Paramasivam Nagarajan, Linke Dirk
Department 1, Max Planck Institute for Developmental Biology, Spemannstr. 35, 72076, Tübingen, Germany.
Computational Oncology, Theoretical Bioinformatics, DKFZ, Im Neuenheimer Feld 580, 69120, Heidelberg, Germany.
Methods Mol Biol. 2015;1329:271-7. doi: 10.1007/978-1-4939-2871-2_21.

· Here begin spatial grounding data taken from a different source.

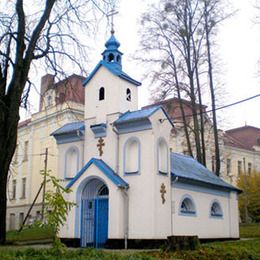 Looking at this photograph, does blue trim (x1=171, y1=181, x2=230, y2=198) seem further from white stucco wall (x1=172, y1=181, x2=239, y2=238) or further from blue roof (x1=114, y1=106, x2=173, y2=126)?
blue roof (x1=114, y1=106, x2=173, y2=126)

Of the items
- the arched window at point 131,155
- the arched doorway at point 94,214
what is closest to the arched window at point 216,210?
Result: the arched window at point 131,155

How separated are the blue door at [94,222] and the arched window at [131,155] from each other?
67.5 inches

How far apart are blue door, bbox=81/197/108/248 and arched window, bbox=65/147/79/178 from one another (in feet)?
6.60

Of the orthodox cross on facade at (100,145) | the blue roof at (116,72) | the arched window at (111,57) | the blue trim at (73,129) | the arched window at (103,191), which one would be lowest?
the arched window at (103,191)

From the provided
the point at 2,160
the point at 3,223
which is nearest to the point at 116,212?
the point at 3,223

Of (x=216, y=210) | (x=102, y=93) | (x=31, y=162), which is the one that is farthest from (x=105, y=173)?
(x=31, y=162)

Well-structured proteins interact with other proteins through surface-surface interactions. In such cases, the residues that form the interacting surface are not necessarily neighboring residues on the level of protein sequence. In contrast, unfolded or partially unfolded proteins can interact with other proteins through defined linear motifs. In the case of the β-barrel assembly machinery (BAM) in the outer membrane of Gram-negative bacteria, unfolded β-barrel proteins are recognized through a C-terminal linear motif, and are inserted into the membrane. While the exact mechanism of recognition is still under investigation, it has been shown that mutations in the recognition motif can partially or completely abolish membrane insertion. In this chapter, we demonstrate the workflow for motif discovery, motif extraction, and motif visualization on the example of the C-terminal motifs in transmembrane β-barrel proteins.
结构良好的蛋白质通过表面与表面的相互作用与其他蛋白质相互作用。在这种情况下,形成相互作用表面的残基在蛋白质序列水平上不一定是相邻残基。相比之下,未折叠或部分未折叠的蛋白质可以通过确定的线性基序与其他蛋白质相互作用。在革兰氏阴性菌外膜中的β-桶组装机器(BAM)的情况下,未折叠的β-桶蛋白通过C端线性基序被识别,并插入膜中。虽然识别的确切机制仍在研究中,但已经表明识别基序中的突变可以部分或完全消除膜插入。在本章中,我们以跨膜β-桶蛋白的C端基序为例,展示基序发现、基序提取和基序可视化的工作流程。